#### Problem:
From the records below, print exactly the lines starting at the one containing "2017 Ford E-350" and ending at the one containing "Used Volkswagen Polo", ends included, and nothing else.

(Excerpts from a dataset)
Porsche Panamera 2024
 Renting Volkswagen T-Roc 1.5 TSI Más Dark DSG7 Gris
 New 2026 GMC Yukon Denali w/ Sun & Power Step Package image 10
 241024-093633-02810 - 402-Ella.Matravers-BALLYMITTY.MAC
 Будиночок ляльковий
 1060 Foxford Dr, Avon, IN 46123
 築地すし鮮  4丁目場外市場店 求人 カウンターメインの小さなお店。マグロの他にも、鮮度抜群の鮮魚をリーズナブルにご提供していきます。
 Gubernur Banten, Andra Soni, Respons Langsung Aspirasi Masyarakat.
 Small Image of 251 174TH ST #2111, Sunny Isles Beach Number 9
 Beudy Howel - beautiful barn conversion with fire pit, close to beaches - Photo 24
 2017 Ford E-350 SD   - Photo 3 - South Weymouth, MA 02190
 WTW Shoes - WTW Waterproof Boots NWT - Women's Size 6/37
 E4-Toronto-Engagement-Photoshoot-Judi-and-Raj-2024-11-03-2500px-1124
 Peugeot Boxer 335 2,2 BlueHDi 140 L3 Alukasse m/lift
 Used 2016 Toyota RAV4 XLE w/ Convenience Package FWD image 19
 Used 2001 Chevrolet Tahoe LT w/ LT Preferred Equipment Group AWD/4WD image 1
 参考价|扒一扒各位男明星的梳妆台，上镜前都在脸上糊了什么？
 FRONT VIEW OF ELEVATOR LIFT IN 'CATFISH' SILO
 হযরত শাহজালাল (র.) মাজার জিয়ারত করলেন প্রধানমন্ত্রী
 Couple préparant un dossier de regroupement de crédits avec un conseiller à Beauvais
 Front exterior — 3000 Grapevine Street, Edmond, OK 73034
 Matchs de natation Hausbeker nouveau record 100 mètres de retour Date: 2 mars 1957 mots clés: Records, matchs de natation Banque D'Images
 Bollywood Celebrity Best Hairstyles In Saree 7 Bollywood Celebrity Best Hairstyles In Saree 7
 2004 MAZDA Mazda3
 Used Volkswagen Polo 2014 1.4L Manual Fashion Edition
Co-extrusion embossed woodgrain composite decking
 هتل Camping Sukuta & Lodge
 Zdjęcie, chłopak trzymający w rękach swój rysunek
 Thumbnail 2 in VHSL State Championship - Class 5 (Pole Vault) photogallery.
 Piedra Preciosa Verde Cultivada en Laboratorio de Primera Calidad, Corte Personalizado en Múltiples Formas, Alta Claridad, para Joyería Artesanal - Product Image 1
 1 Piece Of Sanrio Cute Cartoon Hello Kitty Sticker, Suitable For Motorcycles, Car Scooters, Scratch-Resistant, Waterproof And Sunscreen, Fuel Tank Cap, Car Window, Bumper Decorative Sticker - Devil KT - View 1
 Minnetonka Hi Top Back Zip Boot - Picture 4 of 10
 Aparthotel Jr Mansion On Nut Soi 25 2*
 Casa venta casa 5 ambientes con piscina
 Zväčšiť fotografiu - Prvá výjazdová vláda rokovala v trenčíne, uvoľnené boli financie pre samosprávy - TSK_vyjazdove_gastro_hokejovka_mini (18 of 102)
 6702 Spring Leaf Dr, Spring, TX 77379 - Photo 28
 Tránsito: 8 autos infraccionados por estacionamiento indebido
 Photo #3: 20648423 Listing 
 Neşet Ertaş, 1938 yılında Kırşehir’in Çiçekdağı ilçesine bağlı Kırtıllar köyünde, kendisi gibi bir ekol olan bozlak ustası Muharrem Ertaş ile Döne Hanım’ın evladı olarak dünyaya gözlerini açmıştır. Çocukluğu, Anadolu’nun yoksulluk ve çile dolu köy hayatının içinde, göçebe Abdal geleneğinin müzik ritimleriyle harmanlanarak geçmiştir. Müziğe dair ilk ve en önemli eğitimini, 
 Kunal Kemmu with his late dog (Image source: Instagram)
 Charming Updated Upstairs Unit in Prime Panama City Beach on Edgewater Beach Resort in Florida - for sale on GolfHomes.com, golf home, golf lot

#### Answer space:
 2017 Ford E-350 SD   - Photo 3 - South Weymouth, MA 02190
 WTW Shoes - WTW Waterproof Boots NWT - Women's Size 6/37
 E4-Toronto-Engagement-Photoshoot-Judi-and-Raj-2024-11-03-2500px-1124
 Peugeot Boxer 335 2,2 BlueHDi 140 L3 Alukasse m/lift
 Used 2016 Toyota RAV4 XLE w/ Convenience Package FWD image 19
 Used 2001 Chevrolet Tahoe LT w/ LT Preferred Equipment Group AWD/4WD image 1
 参考价|扒一扒各位男明星的梳妆台，上镜前都在脸上糊了什么？
 FRONT VIEW OF ELEVATOR LIFT IN 'CATFISH' SILO
 হযরত শাহজালাল (র.) মাজার জিয়ারত করলেন প্রধানমন্ত্রী
 Couple préparant un dossier de regroupement de crédits avec un conseiller à Beauvais
 Front exterior — 3000 Grapevine Street, Edmond, OK 73034
 Matchs de natation Hausbeker nouveau record 100 mètres de retour Date: 2 mars 1957 mots clés: Records, matchs de natation Banque D'Images
 Bollywood Celebrity Best Hairstyles In Saree 7 Bollywood Celebrity Best Hairstyles In Saree 7
 2004 MAZDA Mazda3
 Used Volkswagen Polo 2014 1.4L Manual Fashion Edition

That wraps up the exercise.